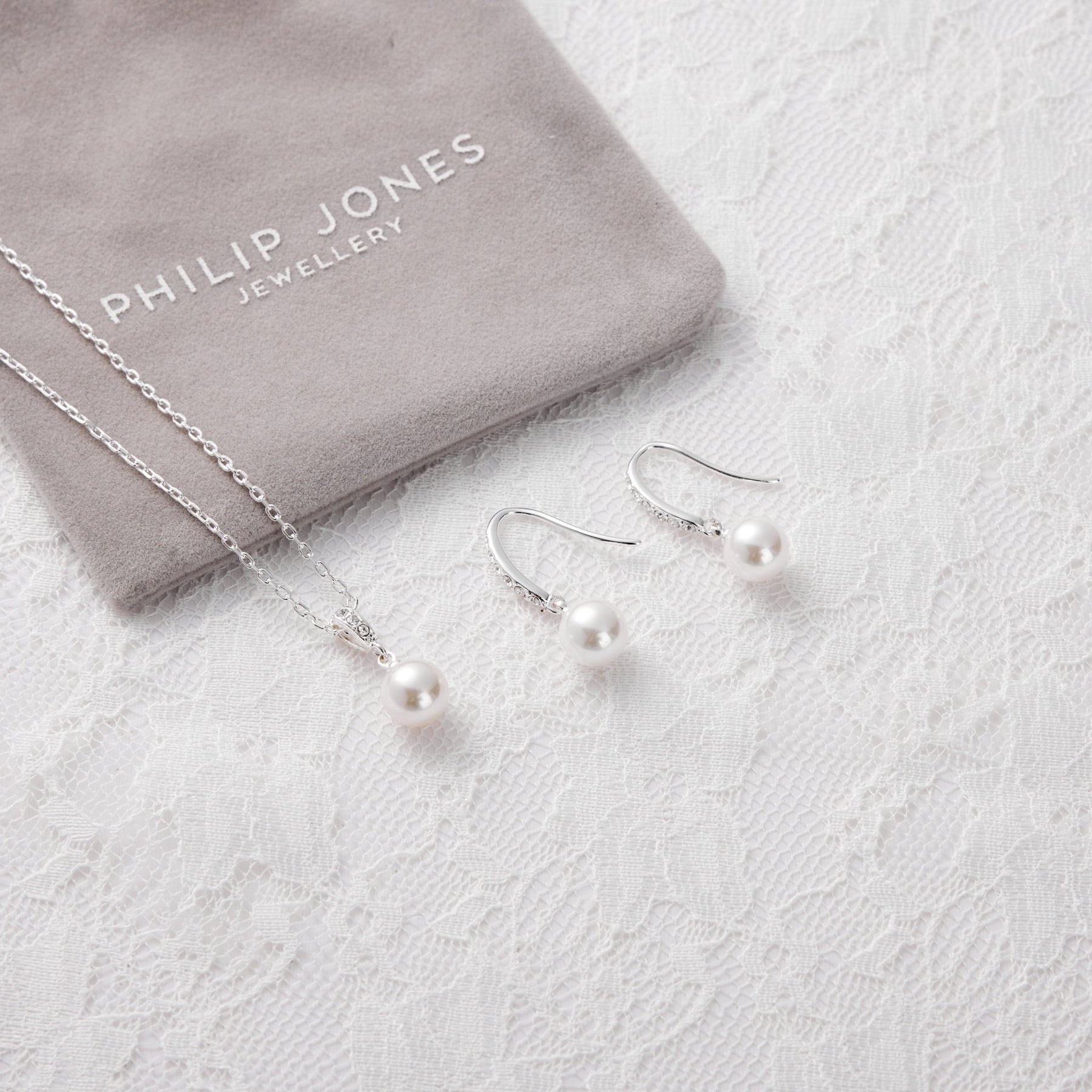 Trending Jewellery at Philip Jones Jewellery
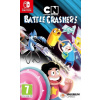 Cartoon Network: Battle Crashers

===============

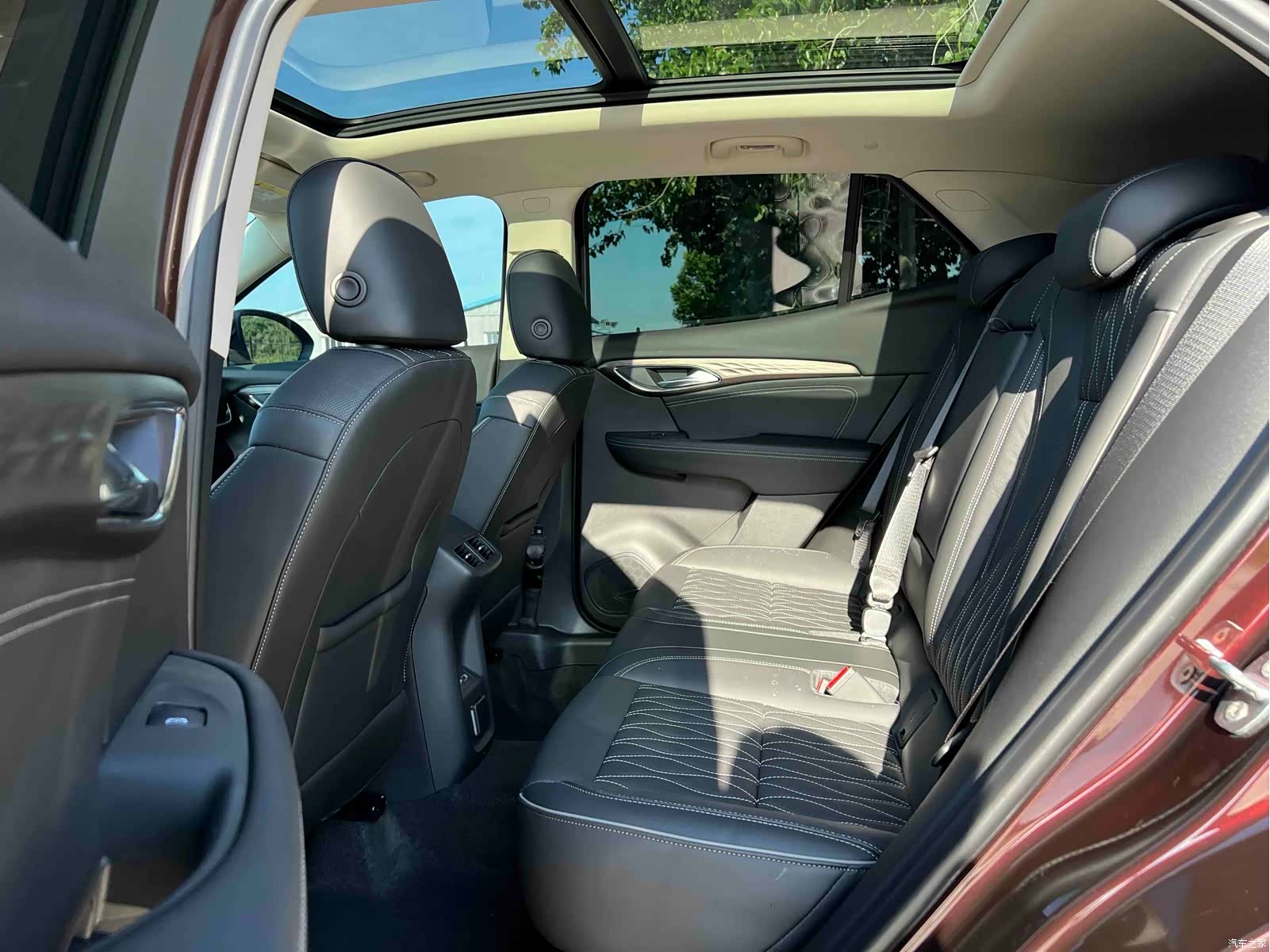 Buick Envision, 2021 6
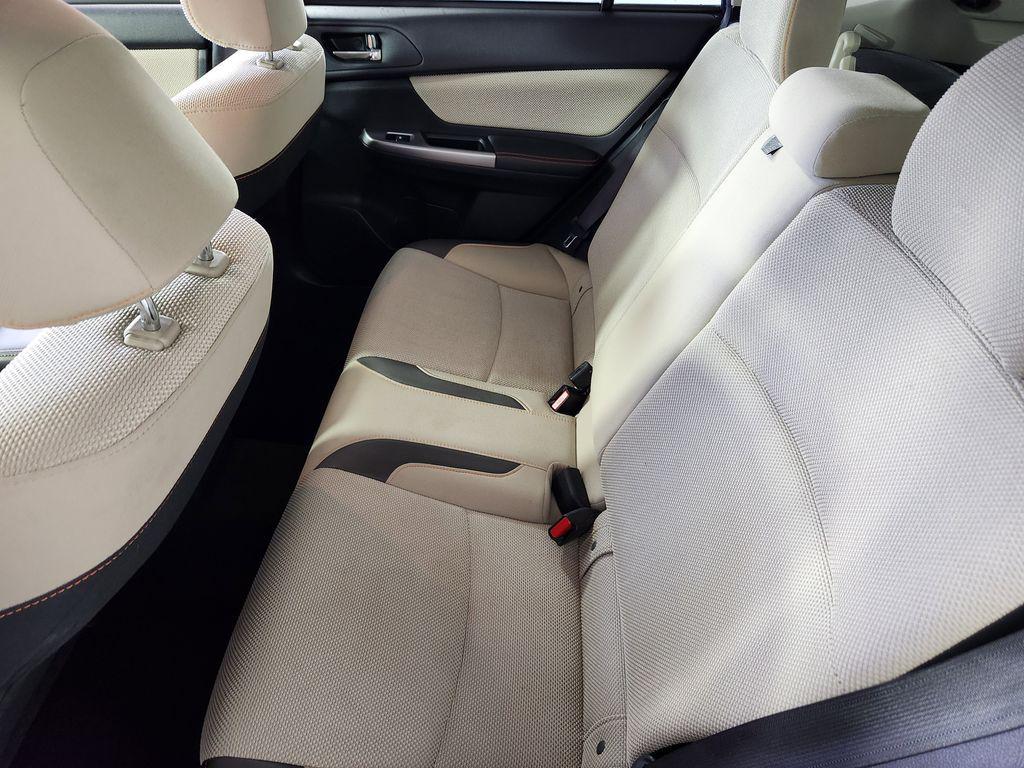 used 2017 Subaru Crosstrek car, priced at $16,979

===============

## Exercise instructions
Exactly reproduce the lines above, starting at the one that contains "Trending Jewellery at Philip Jones Jewellery" and ending at the one that contains "Cartoon Network: Battle Crashers", both inclusive; leave the pictures out and add no other lines.

## Expected answer
 Trending Jewellery at Philip Jones Jewellery
 Cartoon Network: Battle Crashers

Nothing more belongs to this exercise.